Most taxis we rode allow payment with Visa or American Express credit cards, though be sure to ask before you commit to anything. You can use the simple phrase “クレジットカードで払えますか？” to check this. Don’t forget that there is generally no tipping in Japan, which includes Taxis. You can expect the Taxi driver to help with your luggage in and out of the truck, however.
Many of the Taxi cars in Japan have doors that automatically open and close, so watch out for that. If you see the door automatically open before you get in, when you are leaving just wait for it to open on it’s own, and then close when you get out. You can also look for the word “自動” (jidou) which means automatic and is usually printed on the inside of the taxi car.
Taxes are usually non-smoking, but several times there was a scent of smoke lingering from someone who had nevertheless smoked recently. We even had a taxi driver smoke in the car during the entire trip.
Pretty much any other form of transportation you would expect is in Japan, including tour buses, hotel buses, ferries, and even aerial lifts.

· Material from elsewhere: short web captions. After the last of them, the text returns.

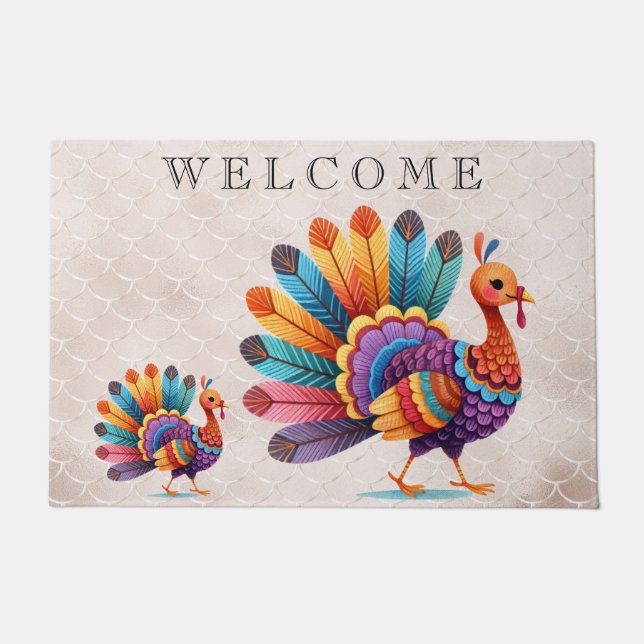 Erntedank Bright Feathers Türkei Doormat Fußmatte (Vorderseite)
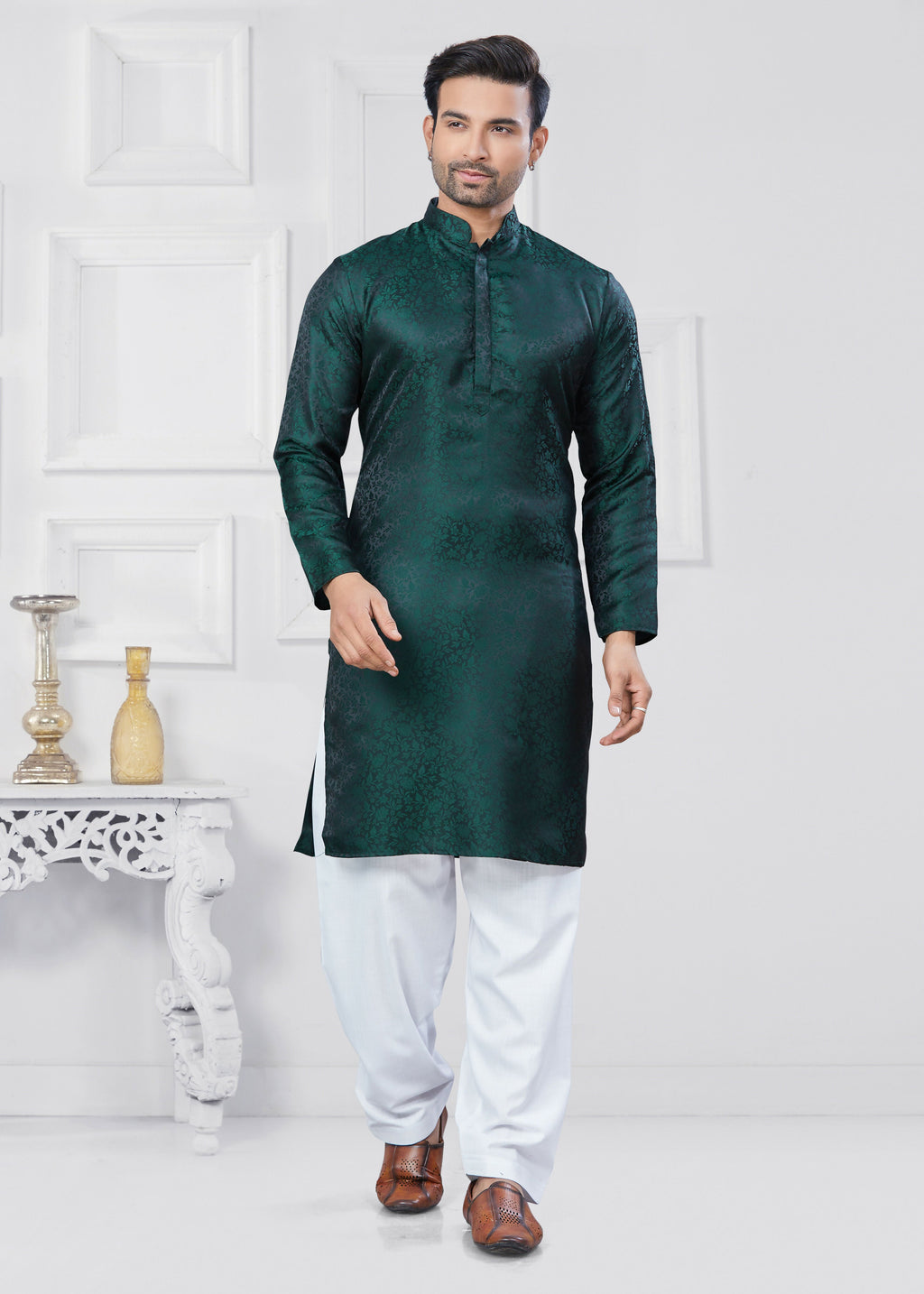 Joban Fashion Men's Jacquard Silk Green Printed Kurta Pyjama set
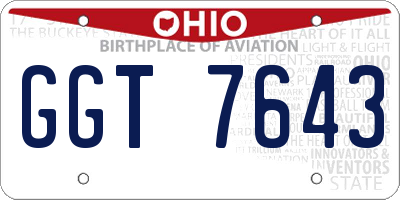 OH license plate GGT7643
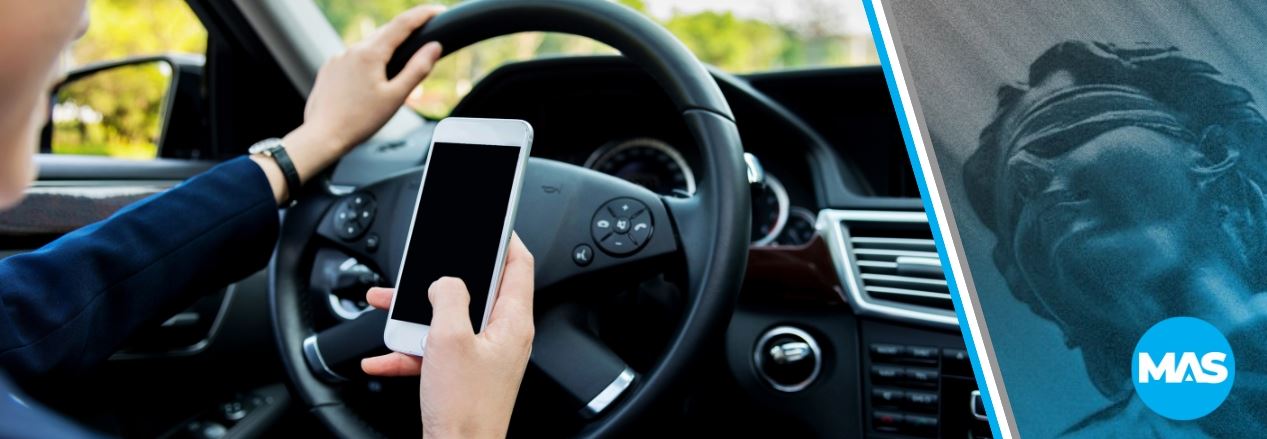 Distracted driver using a cellphone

However you plan your trip, odds are you’ll end up doing a great deal of walking. I’ve heard that Japan is the country with the largest number of steps in the world, and I’ve walked up and down my share of steps in my trips to Japan. Temples and Shrines generally have a large number of steps, so if you are planning on visiting any of those be prepared.
Thanks for the advice!
Excellent transportation information! My experience with station attendants is mixed. Depending on their mood and the station they attend, their English can be limited. They can also be very gruff and intimidating, but don’t hesitate to ask even if you feel uncomfortable.